NASA Rules Out Earth Impact in 2036 for Asteroid Apophis
Space.com provided this graphic to explain it all:
Source SPACE.com: All about our solar system, outer space and exploration
So, bottom line:
- 2029: Close, but within the altitude for a geosynchronous orbit, 36,000 km [22,000 mi.]
- 2036: Not that close, actually.
Now you can worry about something else for the next twenty years. You're welcome.
As I've mentioned before, though, this is mainly a worry because we have almost nothing in the way of a manned spaceflight program anymore. Had we been producing ships capable of interplanetary flight, we'd at least have the possibility of deflecting Apophis-sized asteroids or destroying them before they reach Earth. Twenty years' lead time is a long time, and sometimes just a little push way ahead of time can turn a hit into another near miss.

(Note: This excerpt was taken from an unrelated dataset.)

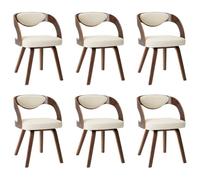 HETFTJN Lot de 6 Chaises de Salle à Manger Crème et Marron Foncé, Fauteuils Salon en Bois Courbé et Similicuir, Siège Confortable pour Cuisine, Bureau et Coiffeuse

Both the Space.com and NASA links discuss the fact that there are lots more asteroids out there, and more than a few comets.
Sadly, our government is far more interested in blowing up other countries and making the world safe for bank fraud than it is about things like exploring the universe or avoiding real disasters.
UPDATE: The initial version of this article used the words "asynchronous orbit", which as far as I know isn't even a real term. What I meant was "geosynchronous orbit".